Keith Crisco: Last of a breed

by | May 13, 2014 | Editor's Blog, NC Politics | 3 comments

Keith Crisco was the last of a breed. He was a businessman who made his money the old fashioned way–by making stuff and selling it. He stayed in textiles when most the plants had long been shuttered and moved overseas. And he was a Democrat.

He believed that government could be a force for good and that the Democratic Party was the vehicle to deliver those benefits. When most of his colleagues switched to the Republican Party in the 1980s and ‘90s, Keith remained a Democrat. He served on the school board and town council in Asheboro, a town that’s been red since the Civil War and which produced our state’s first Republican speaker of the the house since Reconstruction. 

I did not know Keith Crisco well.

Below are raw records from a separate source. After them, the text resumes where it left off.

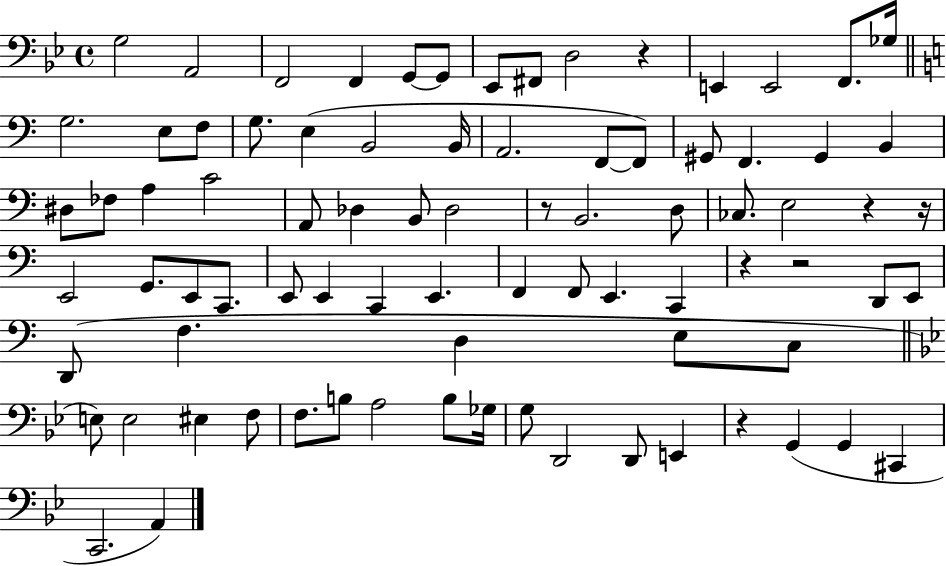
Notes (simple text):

G3/h A2/h F2/h F2/q G2/e G2/e Eb2/e F#2/e D3/h R/q E2/q E2/h F2/e. Gb3/s G3/h. E3/e F3/e G3/e. E3/q B2/h B2/s A2/h. F2/e F2/e G#2/e F2/q. G#2/q B2/q D#3/e FES3/e A3/q C4/h A2/e Db3/q B2/e Db3/h R/e B2/h. D3/e CES3/e. E3/h R/q R/s E2/h G2/e. E2/e C2/e. E2/e E2/q C2/q E2/q. F2/q F2/e E2/q. C2/q R/q R/h D2/e E2/e D2/e F3/q. D3/q E3/e C3/e E3/e E3/h EIS3/q F3/e F3/e. B3/e A3/h B3/e Gb3/s G3/e D2/h D2/e E2/q R/q G2/q G2/q C#2/q C2/h. A2/q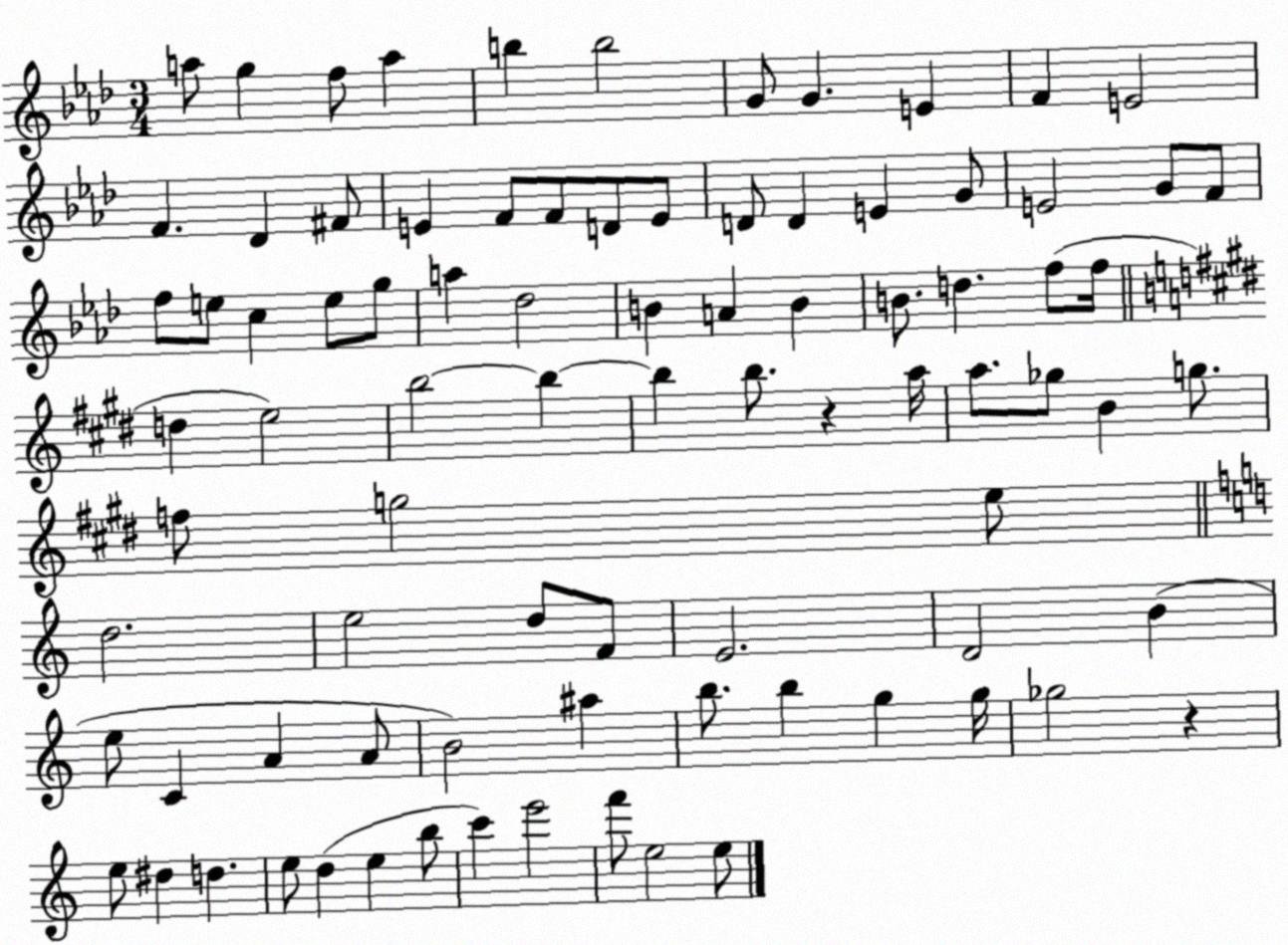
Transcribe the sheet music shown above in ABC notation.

X:1
T:Untitled
M:3/4
L:1/4
K:Ab
a/2 g f/2 a b b2 G/2 G E F E2 F _D ^F/2 E F/2 F/2 D/2 E/2 D/2 D E G/2 E2 G/2 F/2 f/2 e/2 c e/2 g/2 a _d2 B A B B/2 d f/2 f/4 d e2 b2 b b b/2 z a/4 a/2 _g/2 B g/2 f/2 g2 e/2 d2 e2 d/2 F/2 E2 D2 B e/2 C A A/2 B2 ^a b/2 b g g/4 _g2 z e/2 ^d d e/2 d e b/2 c' e'2 f'/2 e2 e/2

In 2008, we collaborated on an op-ed on behalf of Mary Fant Donnan, who was running for Labor Commissioner and who was my client. Throughout this latest campaign, he called me periodically to talk about the race. He never had a bad word to say about his opponent, but he had a firm belief that he was the candidate to take on Renee Ellmers. 

Crisco believed that the very attributes that made him an outlier in the modern Democratic Party, made him competitive in the Second Congressional District. He was a job creator in a district that needed jobs. While he believed government could be a force for good, he also believed that it needed to be restrained. And while the Democratic Party is getting younger and browner, the voters in 2014 would likely still be older and whiter. And finally, he believed that he could steal votes in Randolph County that no other Democrat could get.

Thirty years ago, the North Carolina Democratic Party was filled with men like Keith Crisco. They came out of the service and got their educations through the GI Bill. They went back to small towns, built careers and got involved in their communities and politics. They drove to Charlotte or Raleigh or Greensboro or Greenville for certain things, but they lived their lives in close proximity to their neighbors of all races and backgrounds. 

Those days are gone. Today, the small towns are shrinking and rising Democratic leaders are more likely to come from Charlotte, the Triangle or Asheville. As our young people leave small towns for more urban areas, our society has become more stratified and self-segregated by class as much as by race. 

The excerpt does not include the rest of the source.